Provided data section start

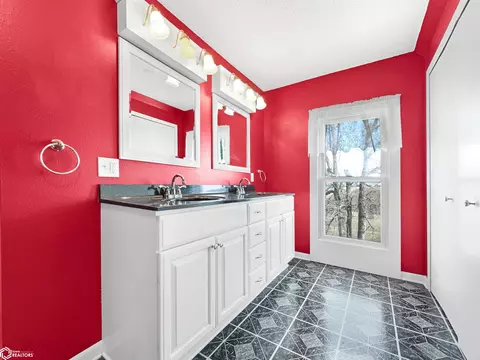 1343 Raven Ave, Hampton, IA 50441 photo 20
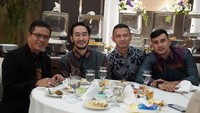 Terakhir ada momen Ali Syakieb saat bersantap dengan rekan politiknya. Terlihat ada Ritchie Ismail, adik ipar Raffi Ahmad ikut bergabung. Foto: Instagram @alisyakieb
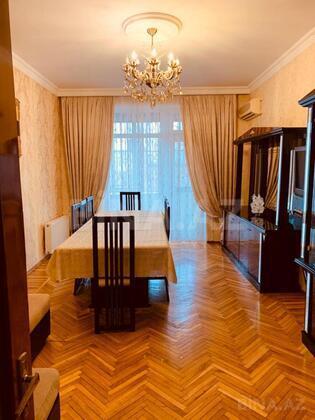 3 otaqlı Köhnə tikili, 28 May m., Bakı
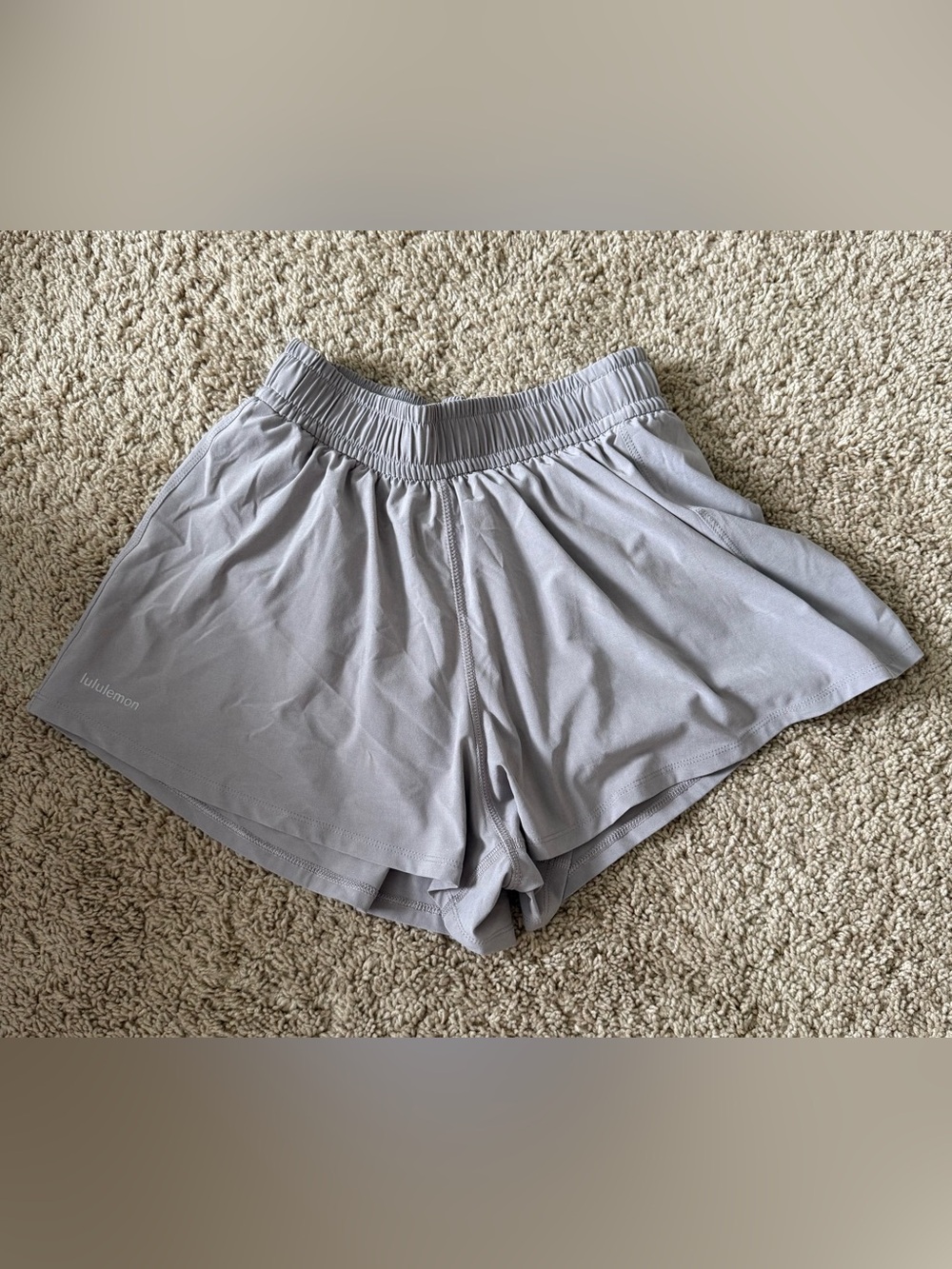 Lululemon Women’s Lightweight Elastic-Waist Shorts — Light grey-beige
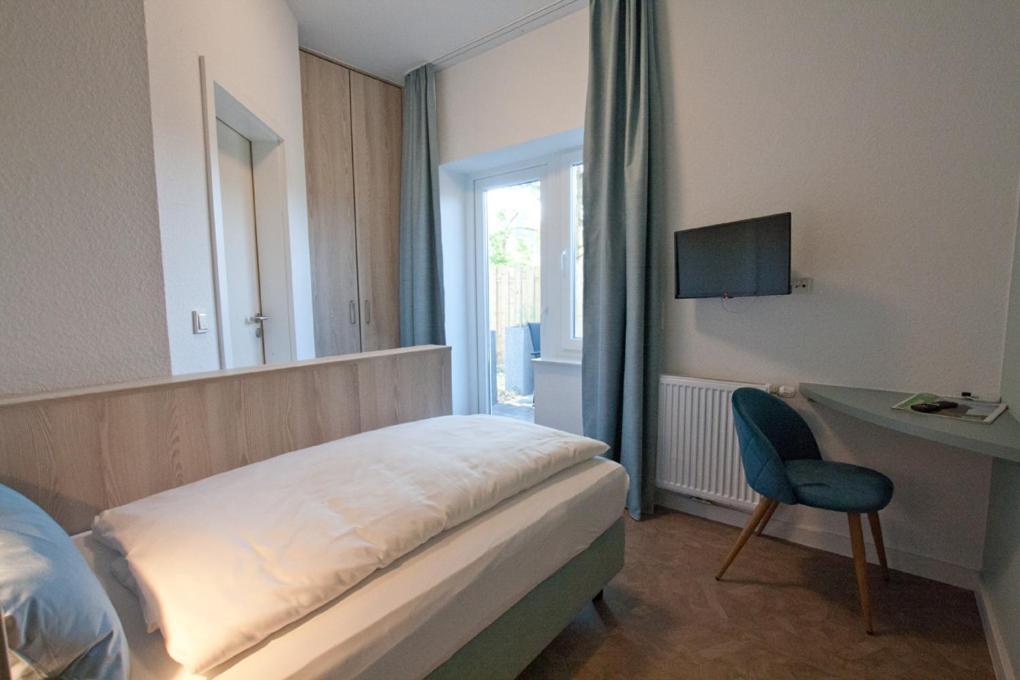 Hotel Garni Goldener Anker Греетзиел Екстериор снимка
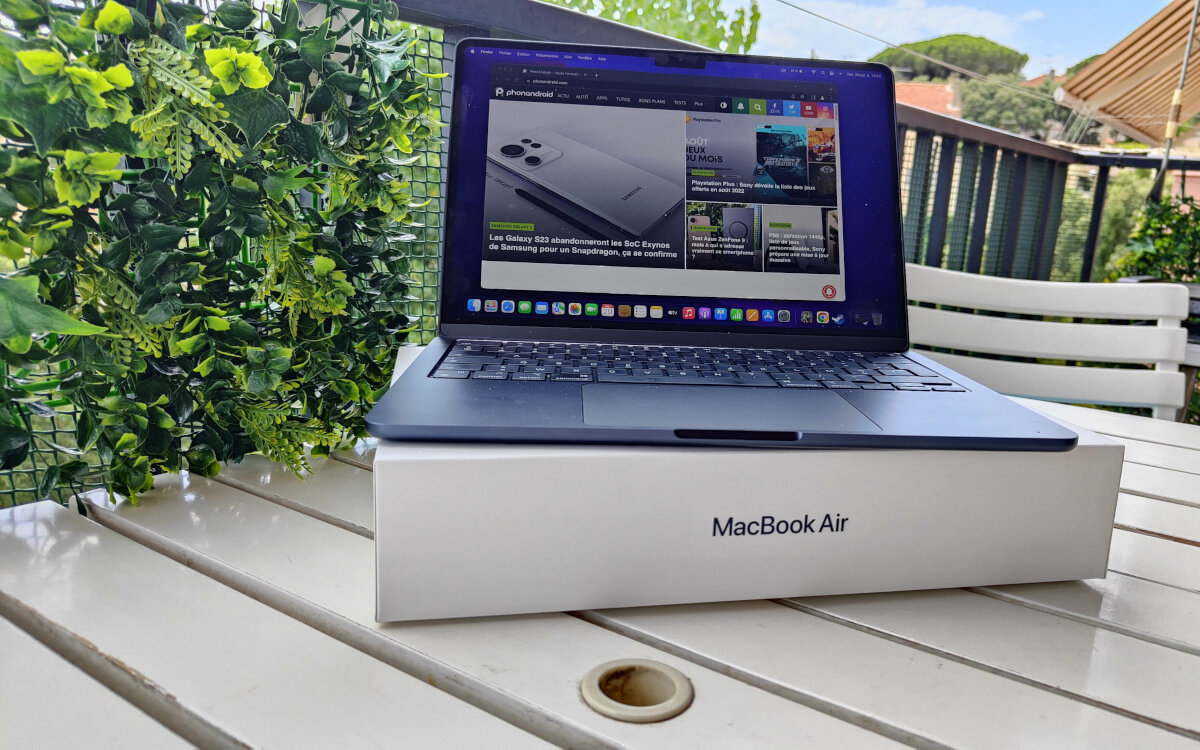 test apple macbook air m2 2022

Provided data section end

■ What this task involves ■
Every line from the one with "Hotel Garni Goldener" through the end of the material above should be restated word for word, with the pictures left out.

■ Reply to the task ■
 Hotel Garni Goldener Anker Греетзиел Екстериор снимка
 test apple macbook air m2 2022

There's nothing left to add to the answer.